Estamos no domínio da redundância perfeita: o saber mediano intervém com sua compreensão possível (o cinema como hibridismo de entretenimento e “cultura”) para reforçar o que a grande indústria e os veículos tecnológicos lhe empurram como cinema. Fechado esse círculo onde todos nos entendemos (quer dizer, o Estadão e seu público), o cinema reconfortantemente volta a encontrar sua verdade instrumental (veículo de histórias, nunca de narrativas). Ou seja, veículo de uma forma narrativa essencial, contendo todas as ficções possíveis: ora, essa narrativa que a indústria cinematográfica ainda cultiva freneticamente tem, no entanto, seus referenciais básicos assentados e distinguíveis em uma linha narrativa: o romance burguês século XIX. O que permite a um imbecil que não se assina afirmar que em Lúcia McCartney as “cenas são mal concatenadas”, sem ao menos se dar ao trabalho de explicar diante de que paradigma de “concatenação” aquela se mostraá “má”. Ou mais adiante: “o milionário paulista poderia ser mineiro, carioca ou gaúcho”, reivindicando em síntese uma caracterização (psicológica) como obrigatória do “bom filme”, do que poderia não ser mais do que uma denominação. Sem imaginar que em outra situação mental (talvez a do autor do filme) “milionário paulista” não tenha de ser uma composição portadora, mas produtora de sentido.

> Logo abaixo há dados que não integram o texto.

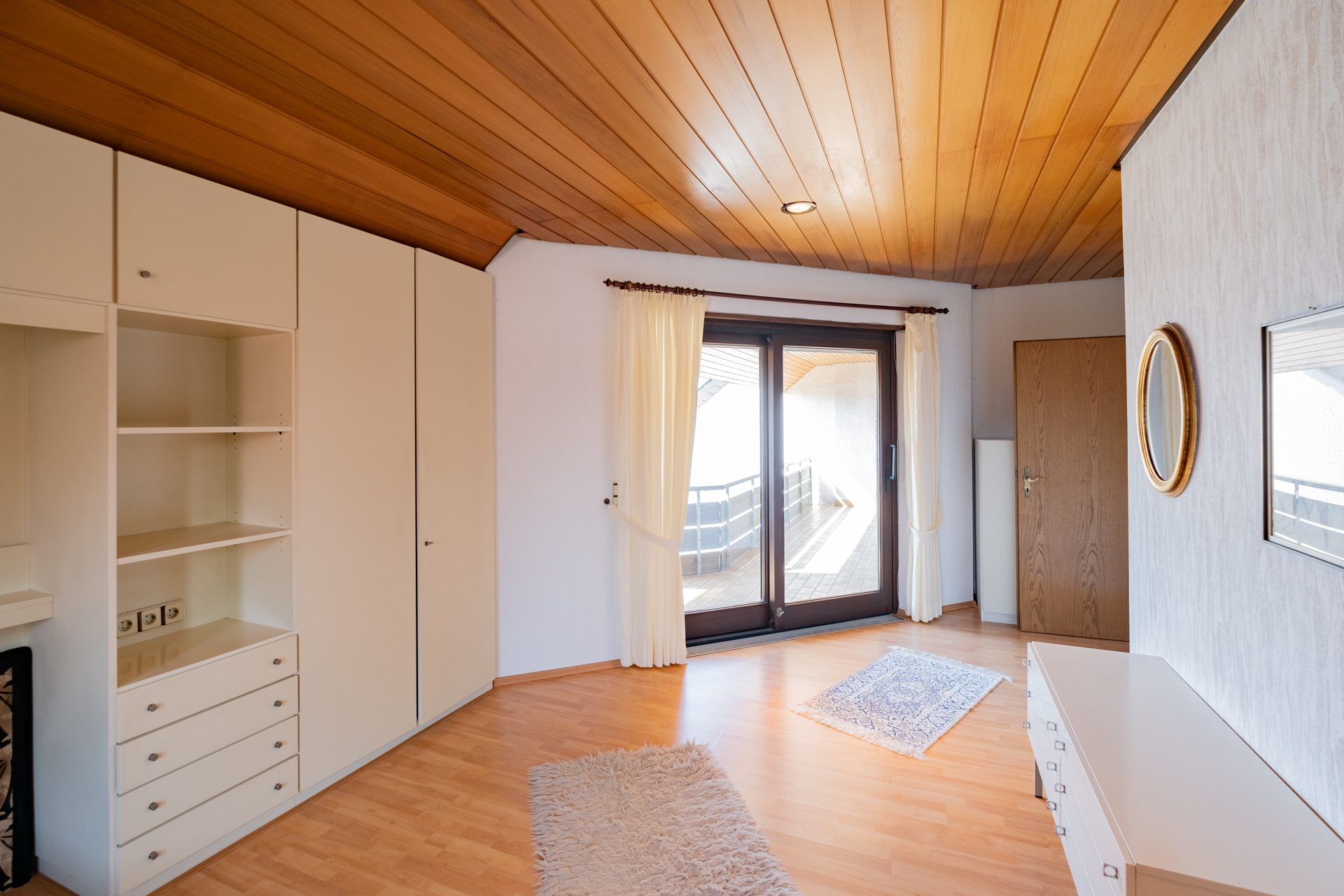 Immobilienangebot - Sandhausen - Alle - Großzügiges Einfamilienhaus mit Garten, vermieteter Einliegerwohnung und spannenden Extras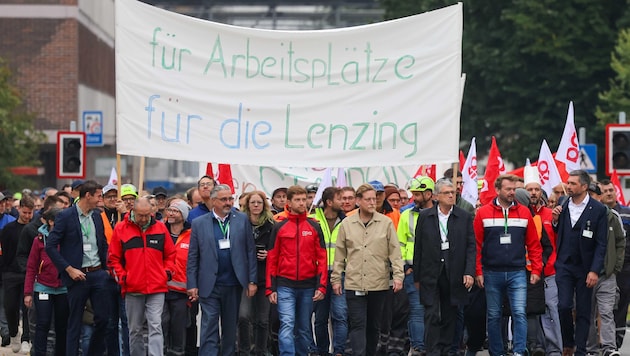Rund 500 Beschäftigte sowie Gewerkschafter wie ÖGB-Landeschef Andreas Stangl marschierten über ...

Se tudo isso denota uma ausência absoluta de rigor, resta notar que por ironia não falta “rigor” ou vigor a essa crítica curiosa. Pronta a se segurar nos detalhes e retalhes do filme com uma obstinada intransigência, uma má consciência logo desvendada por trás dessa onipotência do senso comum: que não podendo fazer da crítica senão um instrumento de juízo e submissão às formas dadas (de cinema como de vida) tenha de alargar ao máximo os limites das severidades. Porque mesmo a precária restauração que se verifica na atualidade de um pensamento onde “prudência”, “honestidade”, “bom sendo” tinham seu lugar, já não consegue ocultar a repetição que no cinema, como fora dele, se mostra o desgaste do mundo.